Son zamanlarda meydana gelen ‘yerli otomobil’ meselesinin, hangi tartışmalara yol açtığı medyadan takip edince hayrete düşmemek mümkün değil. ‘Yerli otomobilin olamayacağından’ günümüzde ‘milli ekonomi kavramının bittiğinden’ insanların sadece ‘bireysel faydaya dayanan bir davranış modelini’ esas alan bir tutuma sahip olduğundan başlayarak, konudan bihaber birçok yorum gündeme geliyor.
Küresel düzende yeni ekonomi
İktisatta bir ülke ekonomisi söze konu edilince, önce o ülkenin millî geliri seviyesi sorulur, arkasından milli serveti, fert başına düşen milli geliri, tasarruf oranları, büyüme hızı, verimliliği gibi sorular gelir. Bütün bu soruların cevabı dün, kapalı ekonomilerin yaşandığı bir zamanda farklı bir bağlamda verilirdi, bugün açık ekonomilerin, rekabetin küresel ölçekte gerçekleştiği ekonomilerde ise farklı veriliyor.

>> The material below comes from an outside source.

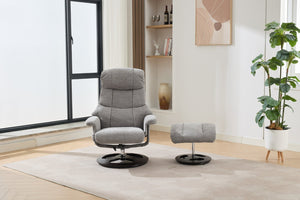 English Elm 069-ergonomic Swivel Recliner with Ottoman Chenille Wingback Massage Lounge Chair Grey W527P439691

Dünyanın yaşadığı küresel süreç, ülkelerin varlığını ve ekonomik parametrelerini ortadan kaldırmamakla birlikte, onların küresel ölçekte yaptıkları faaliyetlerle gerçekleştirdikleri üretimlerden ne kadar pay aldıklarını gösteriyor.
“Ekonomideki küreselleşme, milli ekonomilere küresel ölçekte üretim faktörlerine daha fazla sahip olma ve onlardan daha büyük değer üretme imkânı sunmaktadır.” Bu bakımdan ülkeleri iki ana gruba ayırmak mümkündür. İlki, üretim faktörlerinin elde edilmesinde, üretime yönlendirilmesinde yetersiz kalan ülkeler; diğeri ise, bundan azami ölçüde fayda elde ederek değer üretme katsayısını artıran ülkelerdir.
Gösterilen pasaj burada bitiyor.